Green Tea Extract-Also Good for the Waistline

As the above study indicated, Male Pattern hair loss is associated with metabolic syndrome as well as low grade systemic inflammation. The hallmark of metabolic syndrome is excess fat accumulation around the abdomen. Green Tea Extract has been conclusively shown to reduce waist circumference if you use enough of it. Interestingly this effect has been shown to occur in the absence of any co-variables, such as diet and exercise.

    This may imply that you could eat, and do exactly what you are doing or not doing now and still lose abdominal fat with Green Tea Extract.
    There are several identified mechanisms by which Green Tea is able to do this. Some of them are: increased thermogenesis and exercise capacity, reduced blood levels of nisulin, and the inhibition of fat digestion and absorption.

There are also significant dietary associations with hair loss, inflammation, metabolic syndrome, or lack thereof. This may also partially explain why Asians in rural areas who eat little to no refined foods, rarely go bald, while those who have lived in the U.S. more than one generation have an epidemiological equivalent rate of hair loss as that of the general population of the U.S. A previous update goes into more detail.

An Herb for Gray hair?

In a past update we mentioned that “Promel”, a compound developed by L’Oreal, would soon hit the market for the treatment of gray hair. The following study showed an interesting effect of oral Tribulus extract, that is its apparent ability to restore hair pigmentation in rats. Tribulus has been used for years in the bodybuilding community to raise testosterone, often between steroid cycles. The human dose equivalent used in the study would be obscenely high, however, a mere fraction of that dose may work for those wishing to experiment. Tribulus is widely available at most Nutrition stores.
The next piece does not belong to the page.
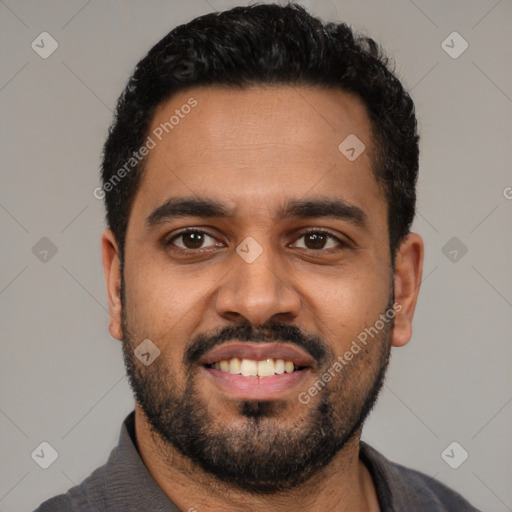 Joyful black young-adult male with short  black hair and brown eyes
    Raising testosterone and getting rid of gray hair at the same time is an intriguing possibility to say the least.
2006 Dec; 26(12):1777-9. [Effect of Tribulus terrestris extract on melanocyte-stimulating hormone expression in mouse hair follicles] [Article in Chinese]
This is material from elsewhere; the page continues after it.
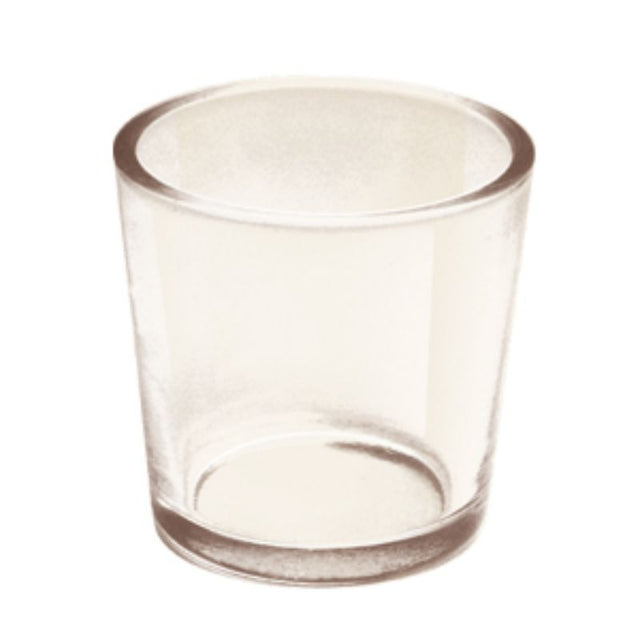 Clear glass votive holder (57mm) reflecting candlelight, perfect for enhancing home ambiance and decor versatility.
* Yang L, * Lu JW, * An J, * Jiang X.

Department of Traditional Chinese Medicine, Southern Medical University, Guangzhou 510515, China. yangliutcm

OBJECTIVE: To observe the effect of Tribulus terrestris extract on melanocyte stimulating hormone (MSH) expression in C57BL/6J mouse hair follicles, and investigate the role of Tribulus terrestris extract in activation, proliferation, epidermal migration of dormant hair follicle melanocytes.
METHODS: The aqueous extract of Tribulus terrestris was administered orally in specific pathogen-free C57BL/6J mouse at the daily dose equivalent to 1 g/1 kg in adult human, and the expression and distribution of MSH in the mouse hair follicles was observed with immunohistochemistry.
RESULTS: The positivity rate of MSH expression in the hair follicle melanocytes was 75% in mice treated with the extract, significantly higher than the rate of only 18.75% in the control group (P<0.01).
CONCLUSION: The aqueous extract of Tribulus terrestris can significantly increase MSH expression in the hair follicle melanocytes by activating tyrosinase activity and promoting melanocyte proliferation, melanine synthesis, and epidermal migration of dormant melanocytes.